Excerpt from the entries below: please repeat exactly the lines from the one containing "33857 KEYENCE A/D" through the last one, both ends included, with no pictures.

--*--

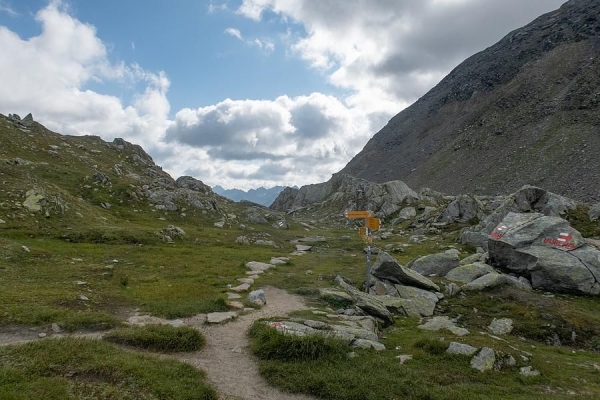 Vom Gotthard nach Obergesteln (3. und 4. Etappe - 4 Quellenweg)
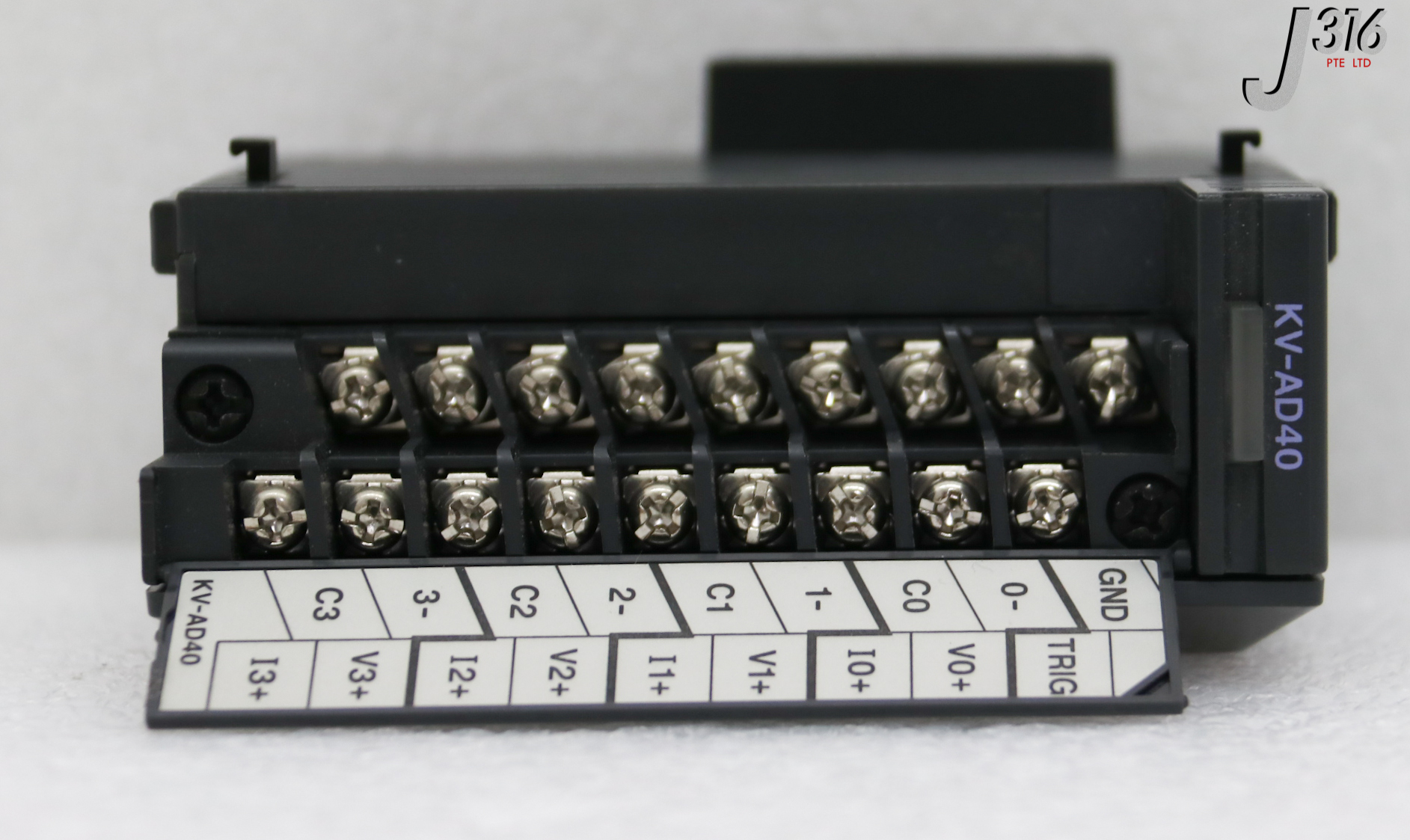 33857 KEYENCE A/D CONVERSION UNIT, 4 ANALOG INPUT CHANNELS KV-AD40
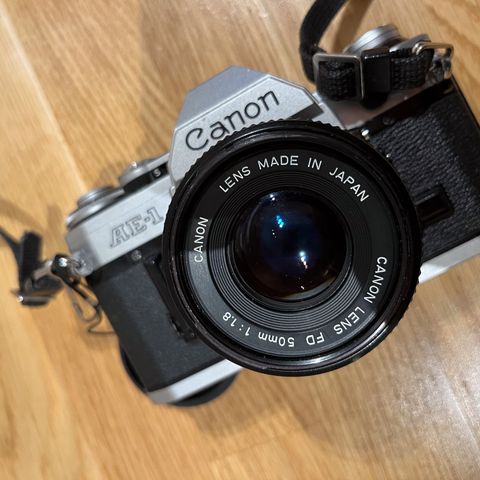 Canon AE-1 med normalobjektiv, teleobjektiv, blitz, polaroidfilter, UV-filter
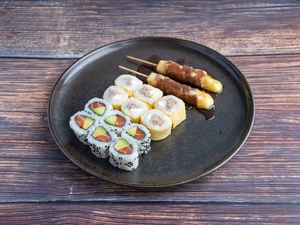  restaurant japonais,Makis, sushis, sashimis Soupe miso Salade de chou Brochettes Raviolis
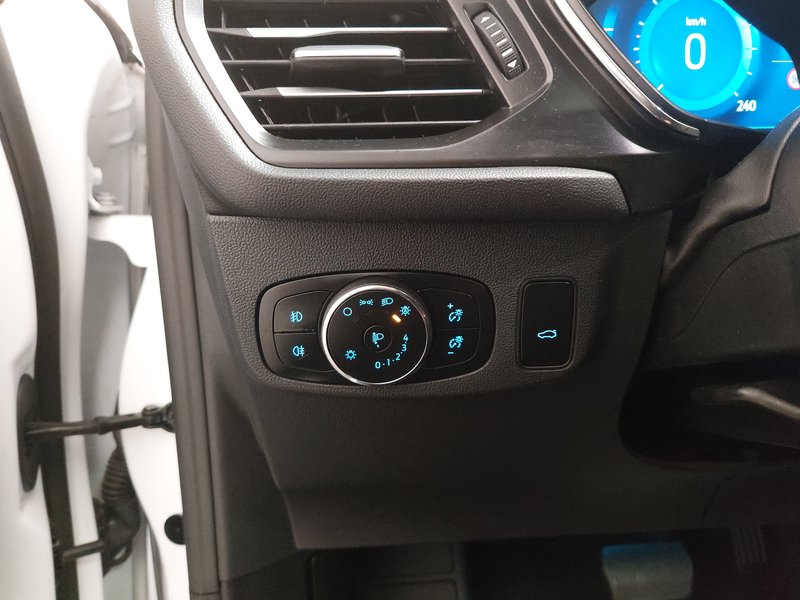 Ford Focus Turnier 1.5 EcoBlue Titanium X automatik • panorama • HUD — 7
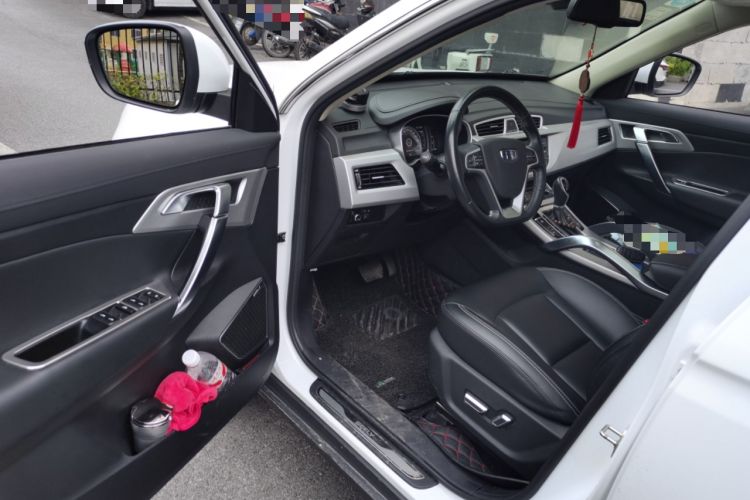 Used Geely Auto Emgrand X7 Sport 2016 1.8TD Automatic All-Wheel Drive Smart Version Driver Seat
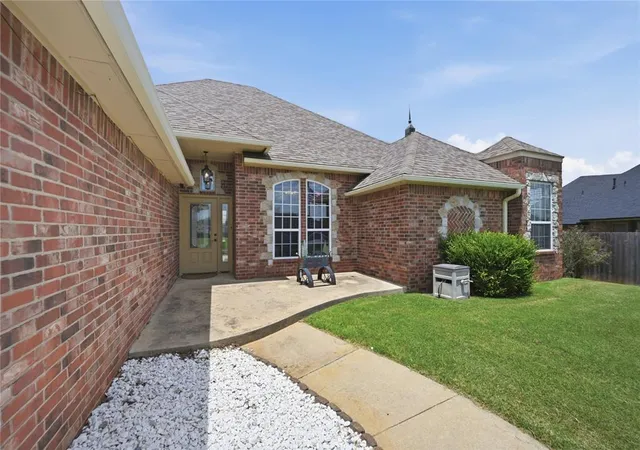 Homes for sale in Shawnee, OK | 1610 Happy Valley, Shawnee, OK 74804 | MLS# 1237618
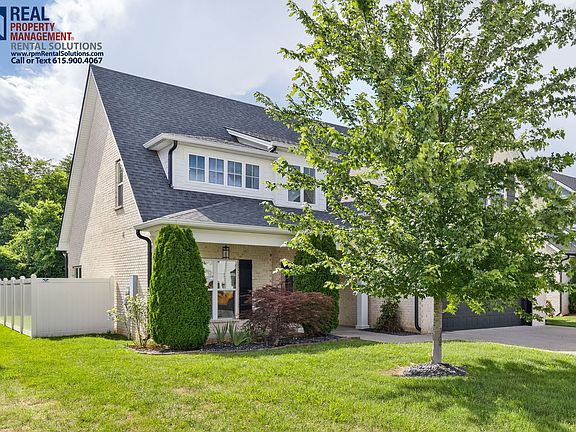 3rd image of 3527 Pershing Dr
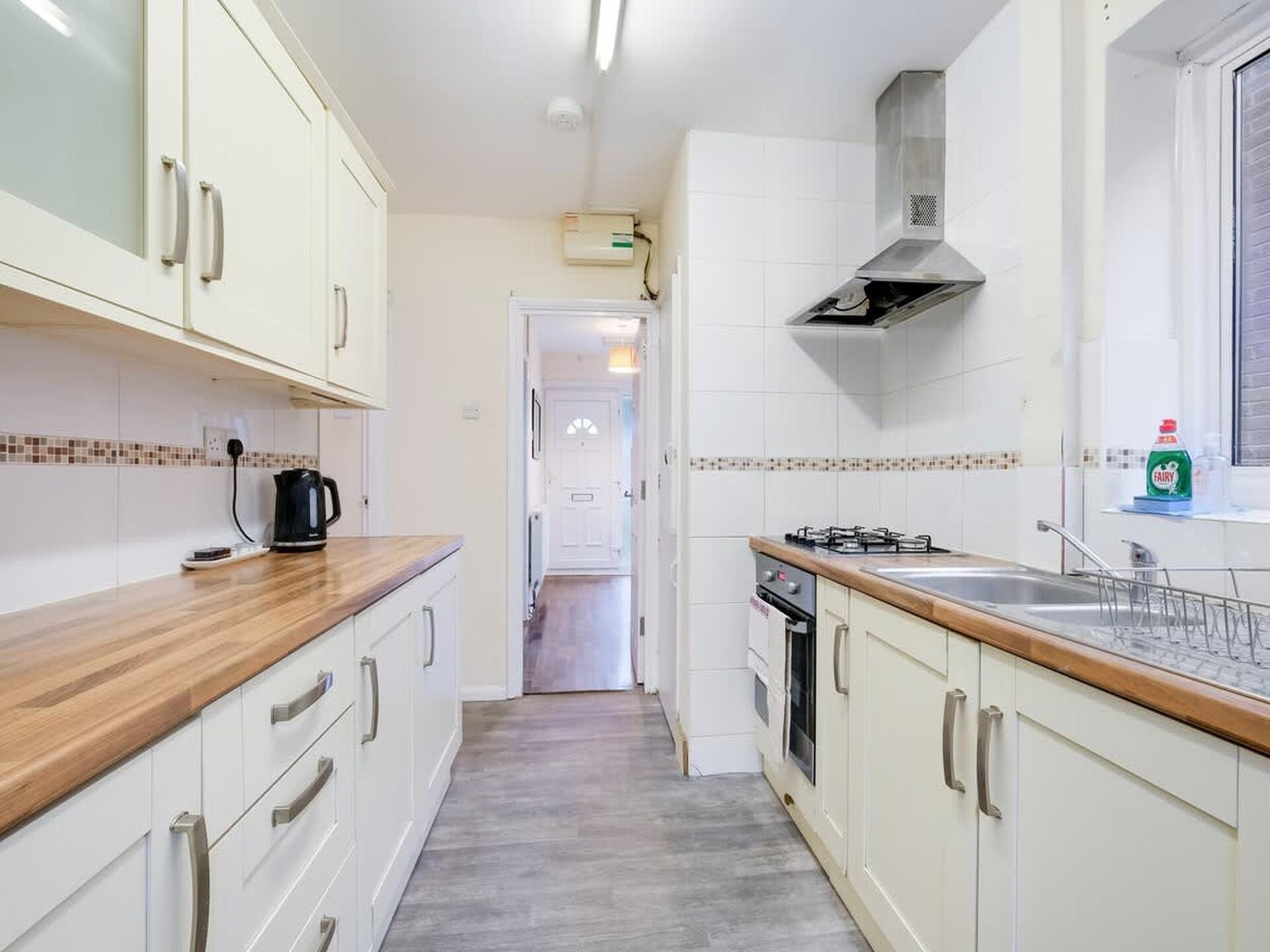 Ruim 4-slaapkamerappartement voor 8 personen in High Wycombe met tuin - foto 3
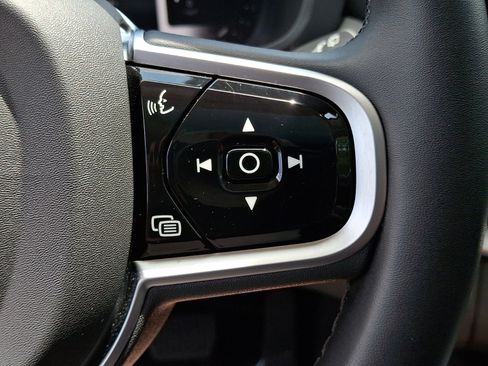 Used 2025 Volvo XC60 B5 Plus w/ Protection Package Premier AWD/4WD image 20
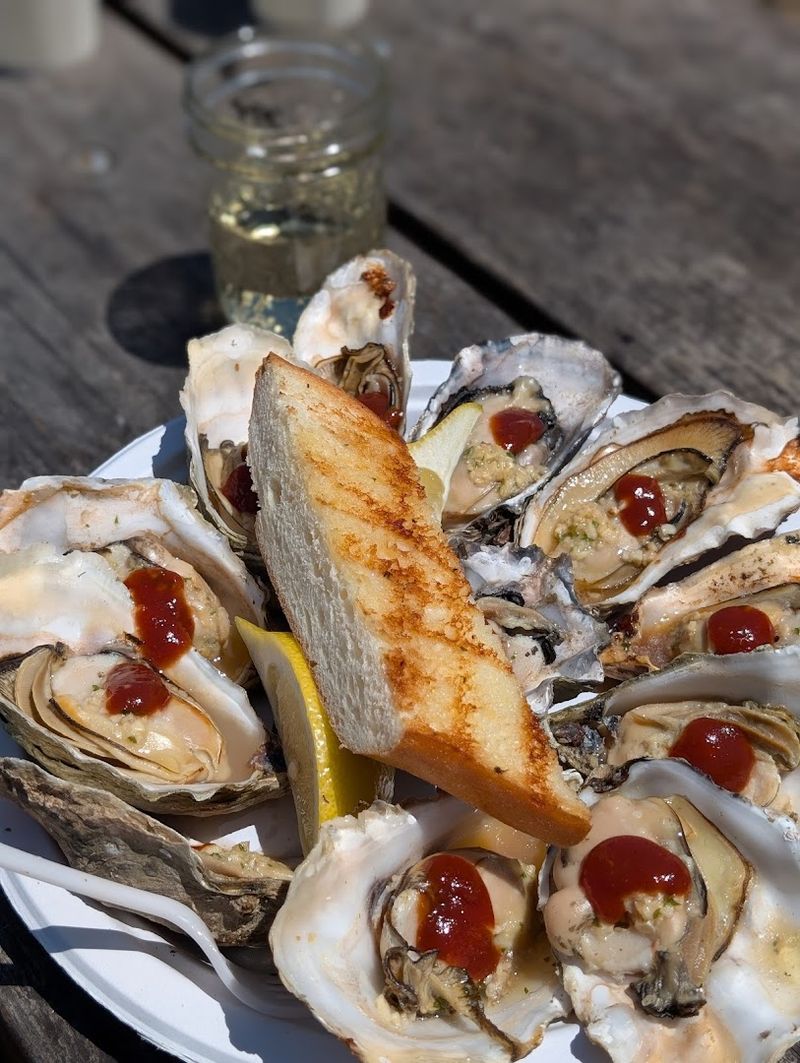One Spoonful Of The Clam Chowder At This California Hole-In-The-Wall And You'll Be Hooked - Decor Hint Weekend Crab Cakes Add Another Reason To Go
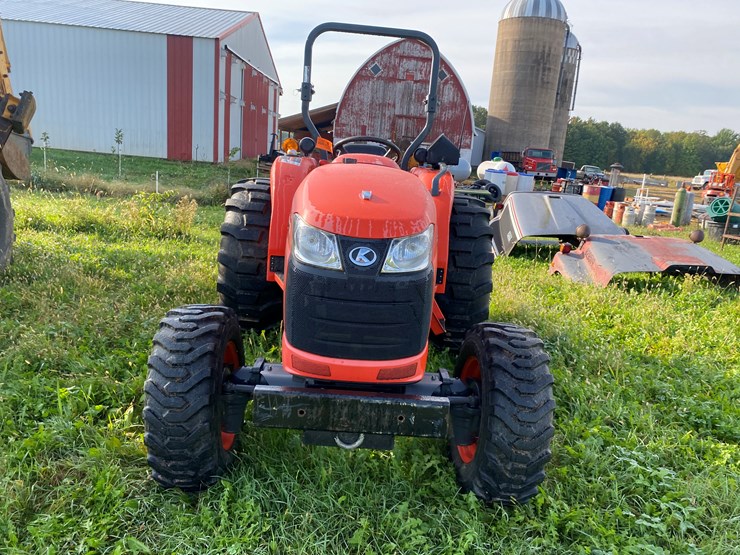#1583-•-kubota-l4600d-4x4-diesel-tractor-image-2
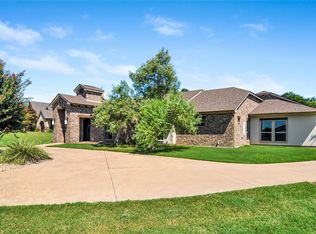 1803 W Emerald Bend Ct, Granbury, TX 76049
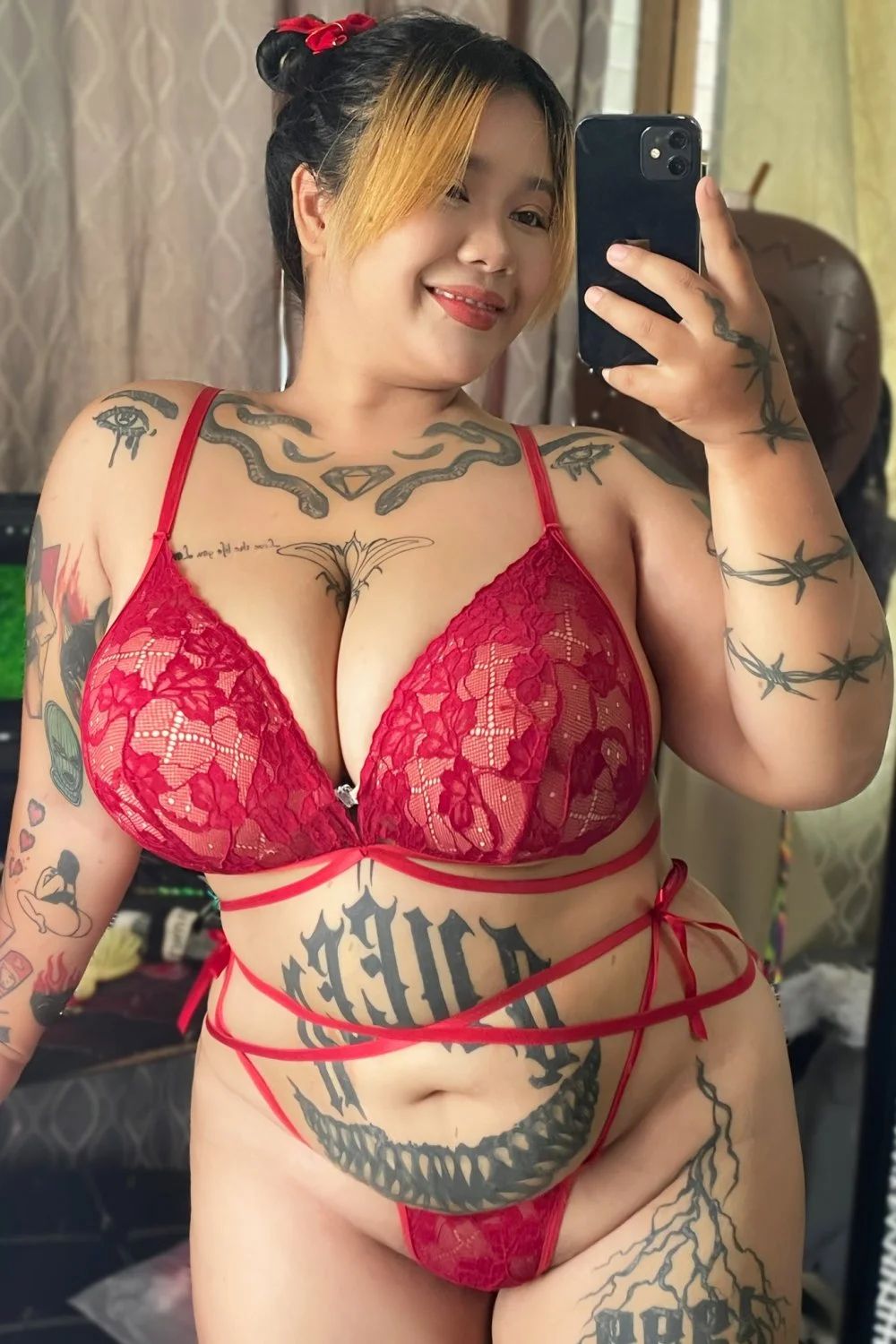 Why blur the Face if the tattoos are a dead giveaway image 2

--*--

> _ANSWER BOX_:
 33857 KEYENCE A/D CONVERSION UNIT, 4 ANALOG INPUT CHANNELS KV-AD40
 Canon AE-1 med normalobjektiv, teleobjektiv, blitz, polaroidfilter, UV-filter
  restaurant japonais,Makis, sushis, sashimis Soupe miso Salade de chou Brochettes Raviolis
 Ford Focus Turnier 1.5 EcoBlue Titanium X automatik • panorama • HUD — 7
 Used Geely Auto Emgrand X7 Sport 2016 1.8TD Automatic All-Wheel Drive Smart Version Driver Seat
 Homes for sale in Shawnee, OK | 1610 Happy Valley, Shawnee, OK 74804 | MLS# 1237618
 3rd image of 3527 Pershing Dr
 Ruim 4-slaapkamerappartement voor 8 personen in High Wycombe met tuin - foto 3
 Used 2025 Volvo XC60 B5 Plus w/ Protection Package Premier AWD/4WD image 20
One Spoonful Of The Clam Chowder At This California Hole-In-The-Wall And You'll Be Hooked - Decor Hint Weekend Crab Cakes Add Another Reason To Go
#1583-•-kubota-l4600d-4x4-diesel-tractor-image-2
 1803 W Emerald Bend Ct, Granbury, TX 76049
 Why blur the Face if the tattoos are a dead giveaway image 2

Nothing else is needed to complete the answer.